Il dipendente impugna giudizialmente il licenziamento irrogatogli nell’ambito di una procedura collettiva.
A fondamento della predetta domanda, il medesimo deduce l’illegittimità dell’accordo raggiunto dalla società datrice con i sindacati, laddove afferma che “i lavoratori [da licenziare] saranno valutati dai responsabili delle aree operative tenendo conto della preparazione professionale e delle prestazioni qualiquantitative tali da consentire il mantenimento in servizio di lavoratori in possesso delle professionalità necessarie per la efficiente prosecuzione dell'attività aziendale”.
La Corte d’Appello accoglie la predetta domanda, sul presupposto che i criteri di scelta dei lavoratori da licenziare – lasciando un ampio margine di discrezionalità al datore di lavoro – non fossero oggettivamente verificabili e controllabili.

La sentenza

La Cassazione - confermando quanto stabilito dalla Corte d’Appello - rileva preliminarmente che, in tema di licenziamenti collettivi, per garantire la trasparenza della procedura, il criterio o i criteri prescelti (per individuare i lavoratori in esubero) devono essere oggettivi e non possono trovare applicazione discrezionale.

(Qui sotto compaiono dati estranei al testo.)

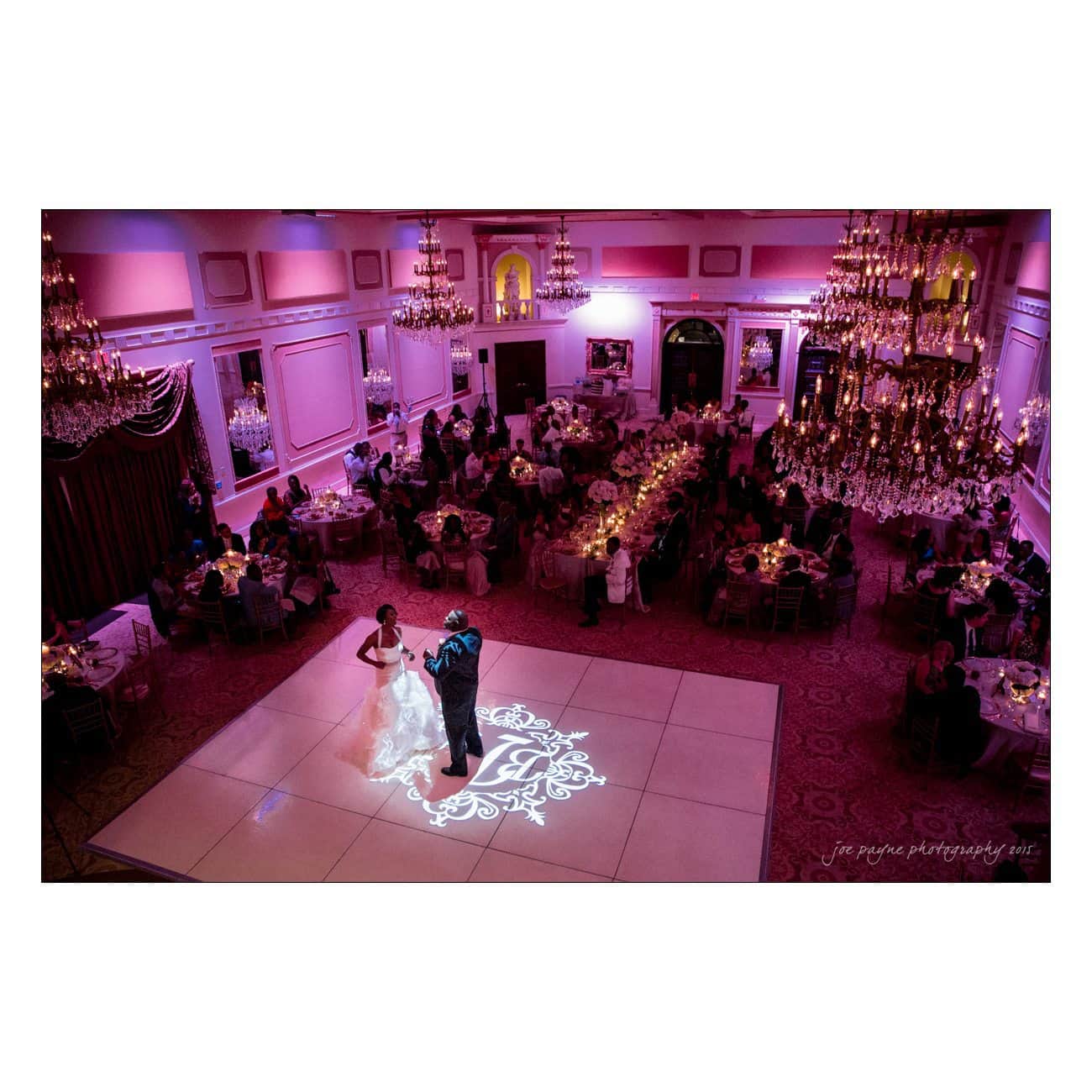 A bride and groom dance on a monogrammed floor in an elegant ballroom, illuminated by soft lighting. Guests sit at round tables adorned with candles and floral arrangements. Crystal chandeliers add a luxurious touch to the scene.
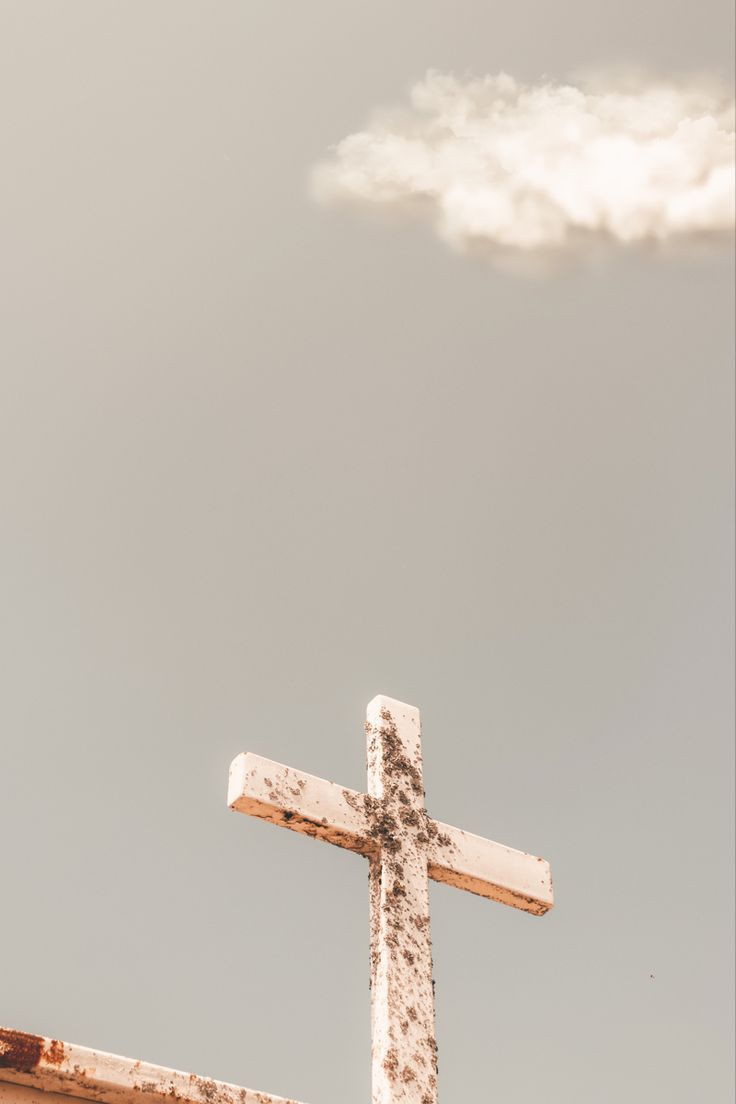 A cross on a church roof with a cloud in the sky - Cross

Secondo i Giudici di legittimità, infatti, un criterio basato sulla discrezionalità non è verificabile, mentre la legge, imponendo "il rispetto dei criteri", dà per presupposto che la loro applicazione sia verificabile.

In altri termini, per la sentenza, non vi può essere un'area residua di discrezionalità di scelta da parte del datore nella quale non risulti operante un criterio predeterminato; ciò, al fine di evitare che egli possa scegliere a sua discrezione quali lavoratori in concreto licenziare.

Su tali presupposti, la Suprema Corte rigetta il ricorso della società, confermando l’illegittimità dell’impugnato licenziamento.